Because we conclude that mother should have been permitted to call Dr. Barnes as a surrebuttal expert witness and the error was prejudicial, we need not address parent's alternative argument that the court erred by denying mother's motion to strike the testimony of Dr. Saket. (Benach v. County of Los Angeles (2007) 149 Cal.App.4th 836, 845, fn. 5 [appellate courts will not address issues whose resolution is unnecessary to disposition of the appeal]. --------
As the extensive discussion of the evidence presented above demonstrates, complex medical issues predominated in this lengthy hearing.
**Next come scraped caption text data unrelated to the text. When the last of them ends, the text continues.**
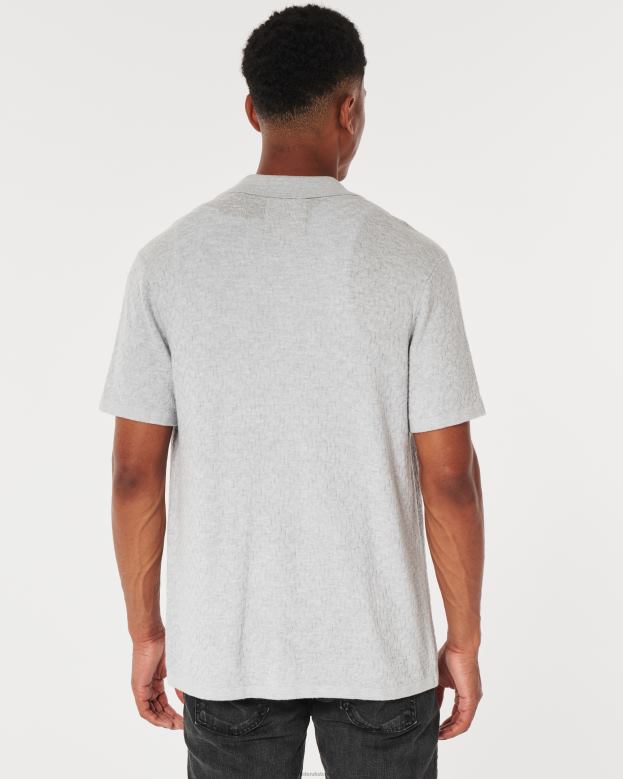 Tops Hollister Men Relaxed Short-Sleeve Sweater Shirt 488201030 Light Heather Grey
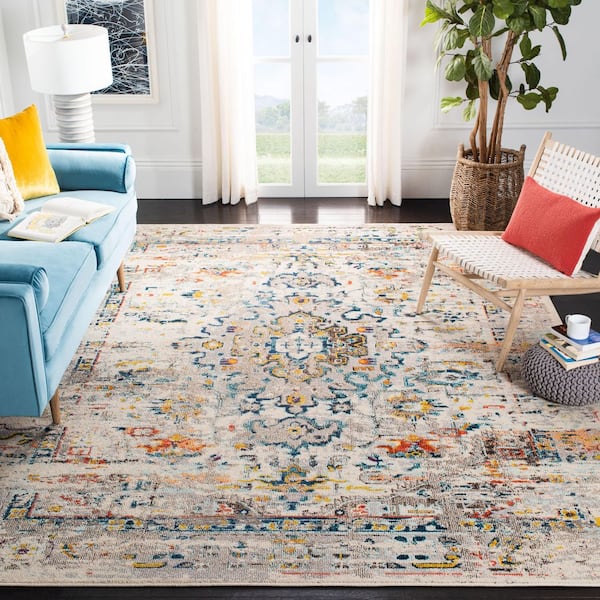 Madison Cream/Blue 12 ft. x 18 ft. Border Geometric Floral Medallion Area Rug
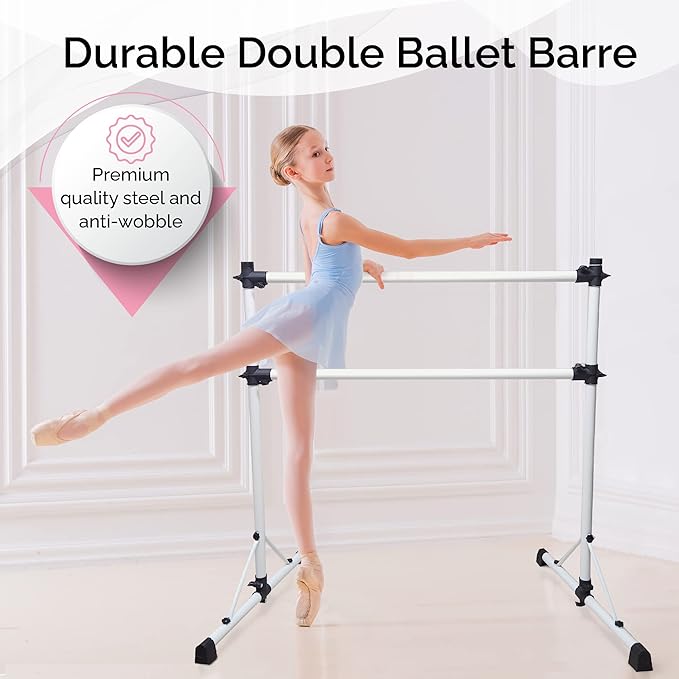 New & Improved 4 Ft Steel Double Ballet Barre with Carry Bag and Beginner Guide,Adjustable&Portable Ballet Barre for Home and Gym,Quality Ballet bar Anti-Wobble,Stretching Dance bar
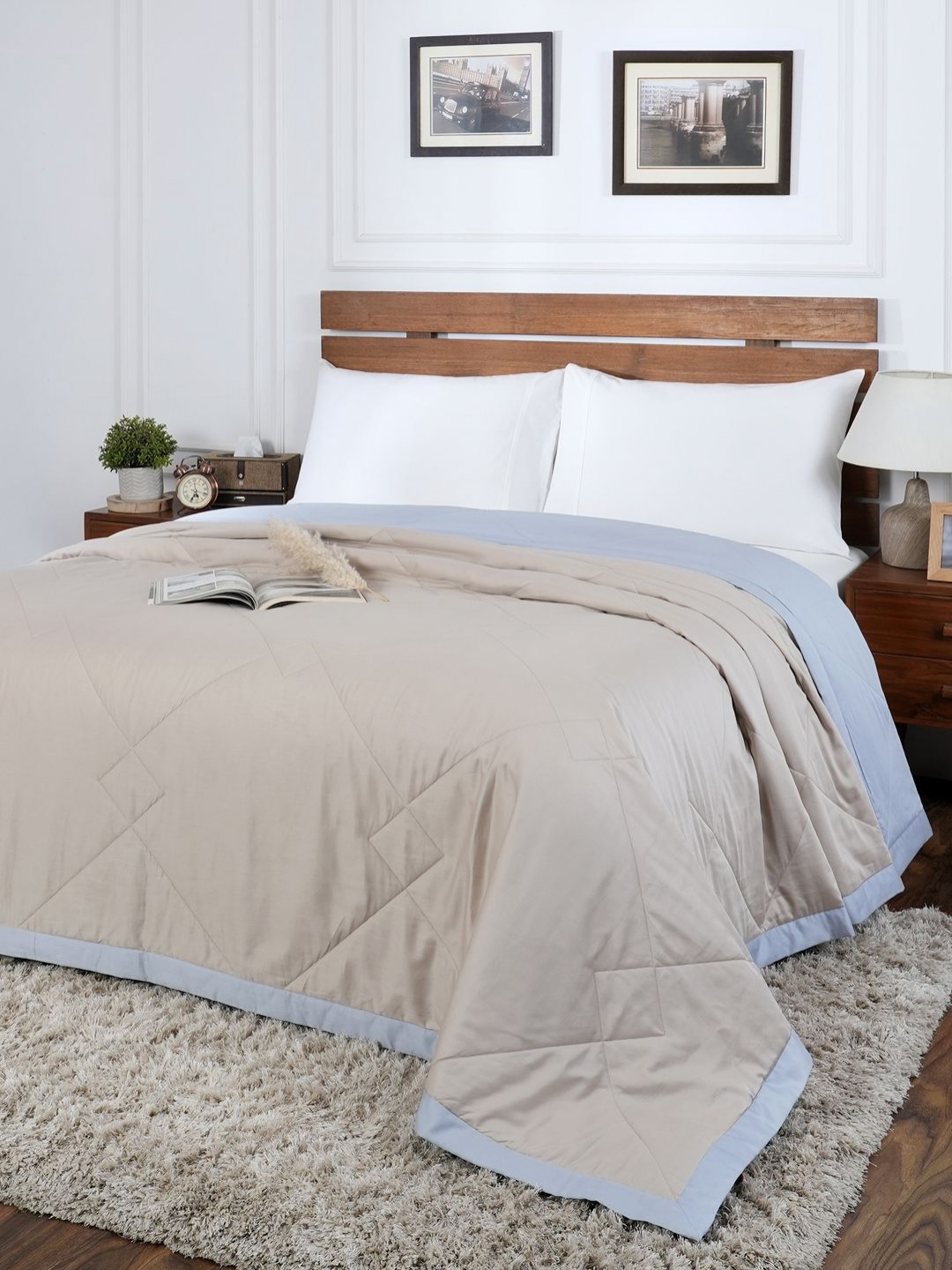 MASPAR Blue & Beige 120 GSM Double Bed Reversible Quilt & Comforter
Central to determining whether the minor was a child described under subdivisions (a), (b), and (e) of section 300 was the resolution of complex and conflicting expert testimony. From our careful review of the record, we conclude that Dr. Saket, as a rebuttal witness, offered both proper rebuttal evidence as well as new opinions and evidence for which surrebuttal expert testimony from Dr. Barnes was appropriate. As part of parents' right to a full and fair opportunity to present all competent, relevant and material evidence in support of their position, they should have been permitted to present Dr. Barnes's surrebuttal testimony. Because we cannot conclude that this error was harmless, we must reverse. Again, we express no opinion concerning the merits of the issues to be resolved by the juvenile court in the jurisdiction hearing.
The disposition order of August 23, 2017, and the underlying jurisdiction order of August 3, 2017, are reversed.